• [EXERCISE PROMPT] Among the entries below, retype exactly the lines starting with the one with "Пасхальный кролик гном" and going on through the one with "Justice League DC", but not the pictures.

= Beginning of Section =

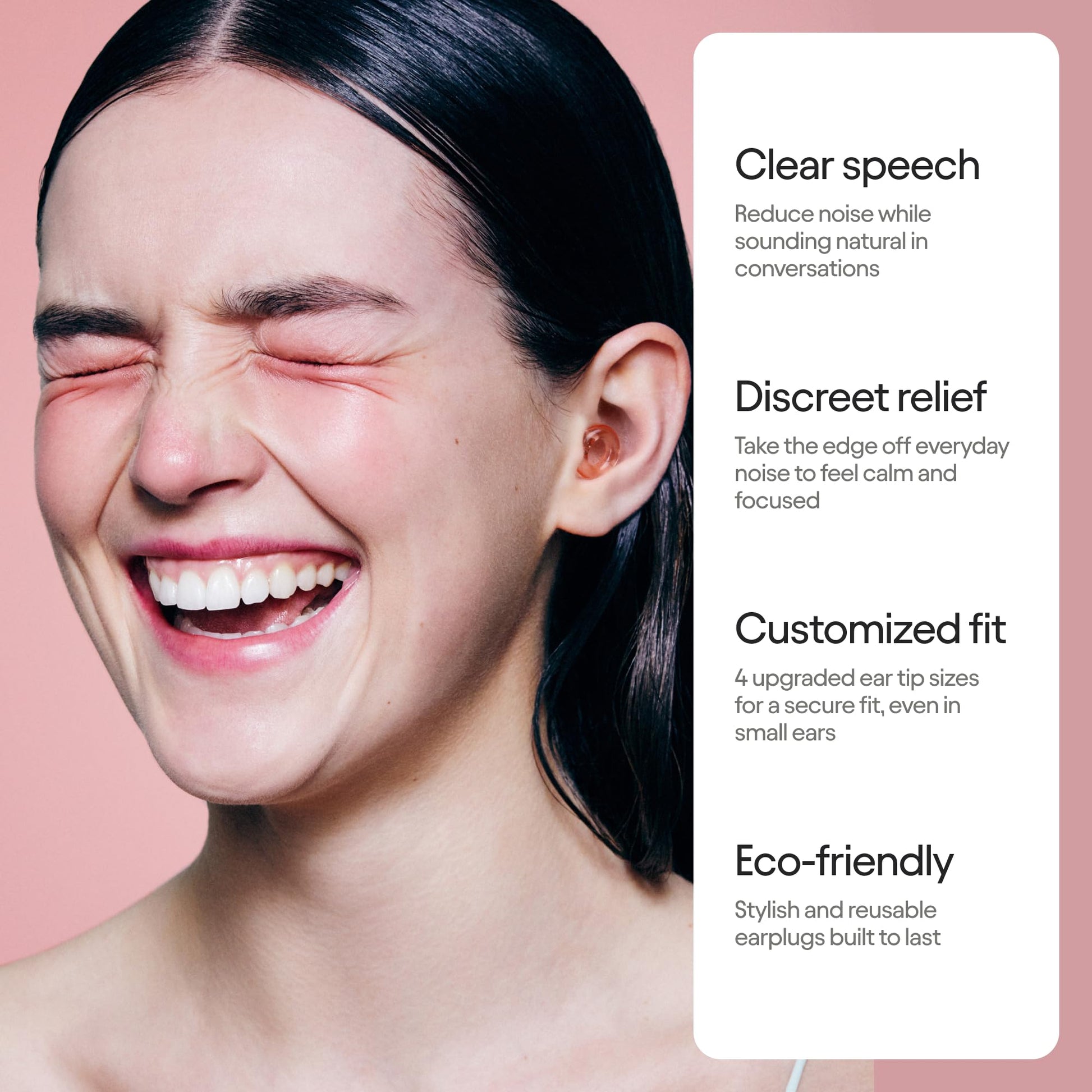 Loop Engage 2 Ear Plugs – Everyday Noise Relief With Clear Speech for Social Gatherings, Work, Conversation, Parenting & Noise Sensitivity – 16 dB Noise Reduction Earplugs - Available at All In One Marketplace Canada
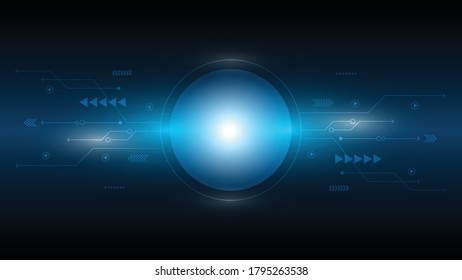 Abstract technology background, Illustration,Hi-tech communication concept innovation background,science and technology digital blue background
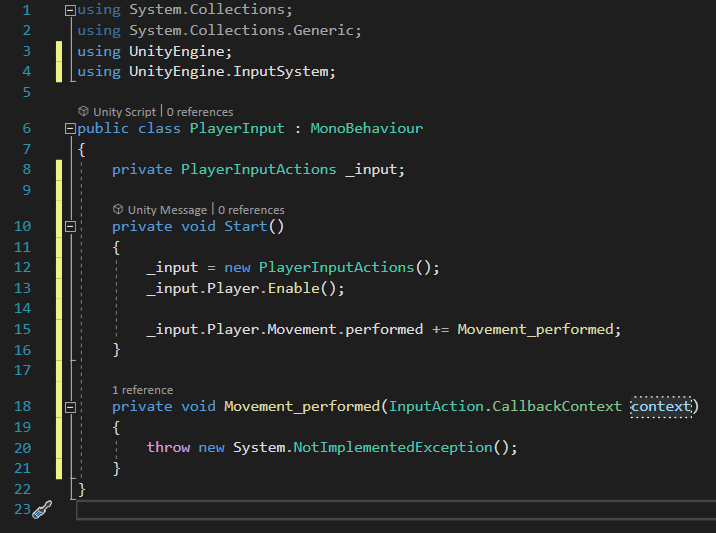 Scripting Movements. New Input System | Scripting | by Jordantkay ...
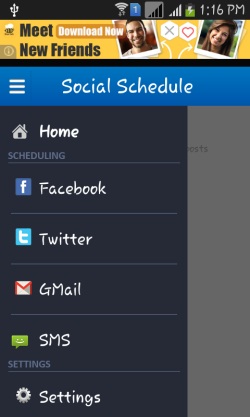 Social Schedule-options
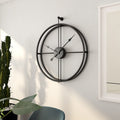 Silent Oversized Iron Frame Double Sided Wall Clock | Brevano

= End of Section =
= Beginning of Section =

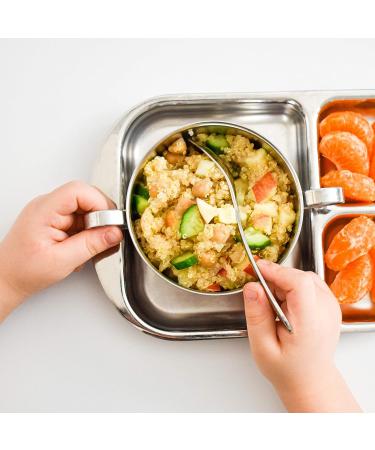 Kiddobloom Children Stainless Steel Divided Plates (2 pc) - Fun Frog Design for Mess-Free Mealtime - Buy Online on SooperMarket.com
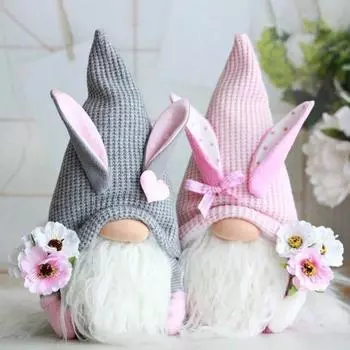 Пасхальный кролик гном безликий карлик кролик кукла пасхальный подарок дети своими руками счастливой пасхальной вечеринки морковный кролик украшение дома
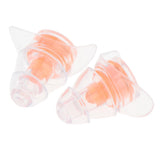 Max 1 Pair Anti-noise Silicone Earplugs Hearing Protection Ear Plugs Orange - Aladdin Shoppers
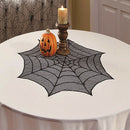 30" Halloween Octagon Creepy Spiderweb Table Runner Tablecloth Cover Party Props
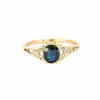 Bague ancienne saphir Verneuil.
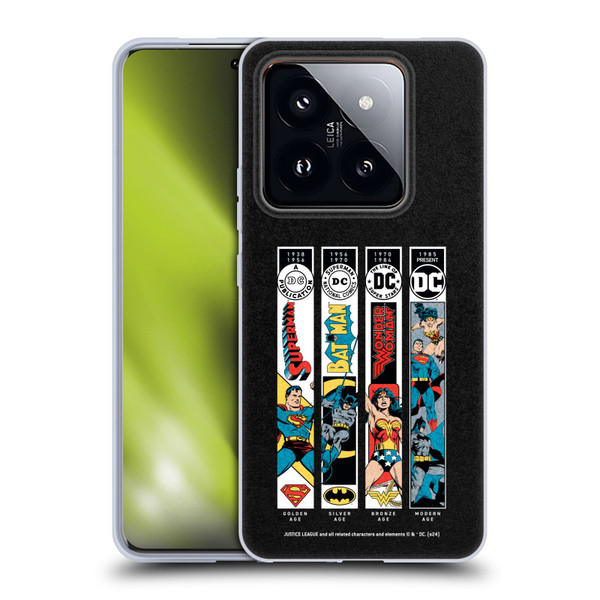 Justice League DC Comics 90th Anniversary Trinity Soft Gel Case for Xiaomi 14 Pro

= End of Section =

• [TASK OUTPUT]
 Пасхальный кролик гном безликий карлик кролик кукла пасхальный подарок дети своими руками счастливой пасхальной вечеринки морковный кролик украшение дома
 Max 1 Pair Anti-noise Silicone Earplugs Hearing Protection Ear Plugs Orange - Aladdin Shoppers
 30" Halloween Octagon Creepy Spiderweb Table Runner Tablecloth Cover Party Props
 Bague ancienne saphir Verneuil.
 Justice League DC Comics 90th Anniversary Trinity Soft Gel Case for Xiaomi 14 Pro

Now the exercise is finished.